Learning to interpret the signs that a simple dispute might escalate to litigation can save you countless headaches as well as a great deal of money.
What are the steps to litigation?
You can't always count on litigation to be linear. Something may happen that causes situations to veer off course. However, most legal actions will follow a basic route:
- Sending a certified demand letter to the person or business with specific requests for resolution (usually performance or payment).
- Filing a petition with the court naming the defendant(s). These are fairly simple and don't require any evidence. You simply describe the problem and how the rule of law supports your position.
- The defendant files a motion to dismiss the complaint and includes an explanation of why it lacks validity and should be dismissed.
- The longest, most difficult and costly phase of litigation begins — the discovery process. It may include scouring through emails or taking depositions. It's also where cases regularly derail, as both parties file motions to quash the other side's requests or actions.
- You (and, quite probably, the other party) ask for a summary judgment. A party is only likely to get this when there is strong, compelling evidence to support their position.
- The case is set for trial. This can produce the most anxiety for litigants.

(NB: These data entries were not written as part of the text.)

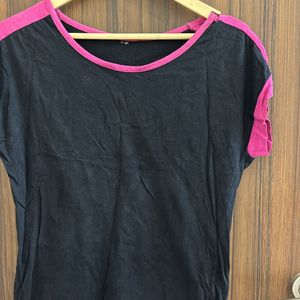 Black Round Neck T-shirt With Pink Border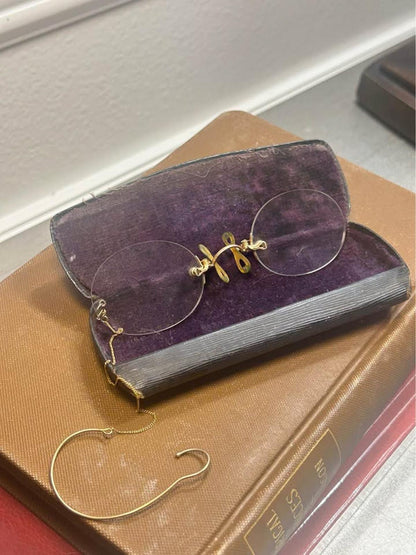 Antique 1/10 12k Gold-Filled Rimless Pince-Nez Eyeglasses & Chain with O.S. Mitchell Case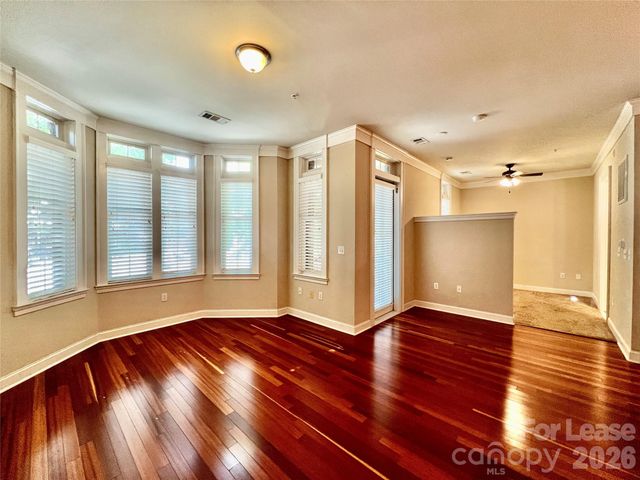 2810 Selwyn Avenue 111, Charlotte, NC 28209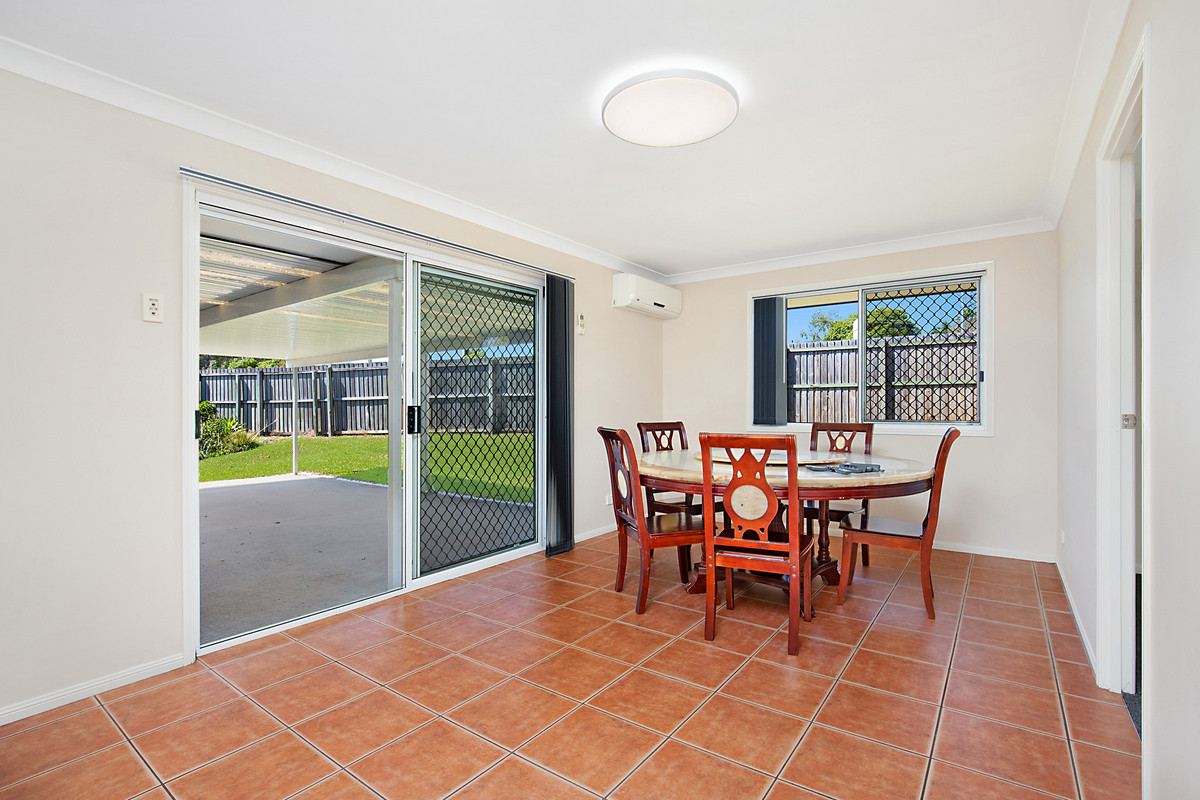 10 PAROO PL, HILLCREST QLD 4118, 0 غرف, 0 حمامات, House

- A verdict is rendered, which can be appealed by either party.
Is litigation always necessary in a dispute?
Absolutely not. In fact, the goal of the early steps of business litigation is usually to find a way to avoid the more expensive steps, e.g., discovery, trial and appeal.
For example, the initial letter, while formal and insistent, does not necessarily have to threaten a lawsuit. An urgent and determined tone could be enough to resolve the problem. If it doesn't, you can always follow up with a second letter warning the other party that you'll file a complaint if you don't get a satisfactory response.
You'll generally be more successful at avoiding business litigation when you're open to negotiations. Consider wording your initial letter in a way that encourages communication and compromise whenever possible.